*** Begin section ***

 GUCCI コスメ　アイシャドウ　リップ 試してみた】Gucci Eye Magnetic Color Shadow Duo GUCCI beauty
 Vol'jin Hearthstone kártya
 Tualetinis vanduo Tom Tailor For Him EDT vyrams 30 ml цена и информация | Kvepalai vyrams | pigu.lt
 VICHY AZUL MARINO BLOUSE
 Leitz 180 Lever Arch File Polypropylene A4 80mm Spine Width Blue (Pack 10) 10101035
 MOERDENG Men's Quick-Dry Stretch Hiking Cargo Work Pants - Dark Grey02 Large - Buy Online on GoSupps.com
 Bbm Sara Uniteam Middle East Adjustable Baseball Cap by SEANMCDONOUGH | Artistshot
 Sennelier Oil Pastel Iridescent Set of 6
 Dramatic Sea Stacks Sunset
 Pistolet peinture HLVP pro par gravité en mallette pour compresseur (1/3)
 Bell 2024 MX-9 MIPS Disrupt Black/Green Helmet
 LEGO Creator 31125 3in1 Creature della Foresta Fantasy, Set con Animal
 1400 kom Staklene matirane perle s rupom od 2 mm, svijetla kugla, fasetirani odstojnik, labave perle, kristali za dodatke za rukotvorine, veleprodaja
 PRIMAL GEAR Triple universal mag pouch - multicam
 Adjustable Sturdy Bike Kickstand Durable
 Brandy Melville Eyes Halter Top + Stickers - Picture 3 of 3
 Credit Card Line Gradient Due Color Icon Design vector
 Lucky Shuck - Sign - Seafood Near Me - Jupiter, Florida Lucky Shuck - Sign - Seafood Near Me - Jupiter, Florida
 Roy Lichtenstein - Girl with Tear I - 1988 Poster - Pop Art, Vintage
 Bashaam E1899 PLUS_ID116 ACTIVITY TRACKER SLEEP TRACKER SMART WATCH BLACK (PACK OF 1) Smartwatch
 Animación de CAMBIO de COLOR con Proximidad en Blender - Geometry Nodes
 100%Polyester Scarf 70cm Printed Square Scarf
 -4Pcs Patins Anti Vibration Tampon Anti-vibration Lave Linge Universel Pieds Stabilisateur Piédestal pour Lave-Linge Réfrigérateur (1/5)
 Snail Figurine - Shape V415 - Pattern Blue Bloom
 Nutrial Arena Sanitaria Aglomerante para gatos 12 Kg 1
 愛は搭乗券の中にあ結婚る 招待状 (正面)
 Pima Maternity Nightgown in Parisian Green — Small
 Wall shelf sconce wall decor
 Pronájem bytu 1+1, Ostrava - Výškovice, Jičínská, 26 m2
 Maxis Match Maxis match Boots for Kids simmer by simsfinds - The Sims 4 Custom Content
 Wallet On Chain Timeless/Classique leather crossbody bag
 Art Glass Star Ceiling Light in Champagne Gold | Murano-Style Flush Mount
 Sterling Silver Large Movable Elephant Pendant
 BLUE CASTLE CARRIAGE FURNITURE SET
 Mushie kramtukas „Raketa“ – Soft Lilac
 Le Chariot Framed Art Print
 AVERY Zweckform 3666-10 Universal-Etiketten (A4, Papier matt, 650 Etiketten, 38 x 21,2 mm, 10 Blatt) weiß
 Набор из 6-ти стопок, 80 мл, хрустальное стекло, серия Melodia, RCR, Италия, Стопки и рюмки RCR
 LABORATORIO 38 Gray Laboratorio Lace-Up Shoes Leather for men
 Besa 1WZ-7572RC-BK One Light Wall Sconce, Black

*** End section ***

## TASK TO CARRY OUT
Each line from the one containing "BLUE CASTLE CARRIAGE FURNITURE SET" down to the final line of the listing must appear in the answer exactly as written, and no other line may.

## EXPECTED ANSWER
 BLUE CASTLE CARRIAGE FURNITURE SET
 Mushie kramtukas „Raketa“ – Soft Lilac
 Le Chariot Framed Art Print
 AVERY Zweckform 3666-10 Universal-Etiketten (A4, Papier matt, 650 Etiketten, 38 x 21,2 mm, 10 Blatt) weiß
 Набор из 6-ти стопок, 80 мл, хрустальное стекло, серия Melodia, RCR, Италия, Стопки и рюмки RCR
 LABORATORIO 38 Gray Laboratorio Lace-Up Shoes Leather for men
 Besa 1WZ-7572RC-BK One Light Wall Sconce, Black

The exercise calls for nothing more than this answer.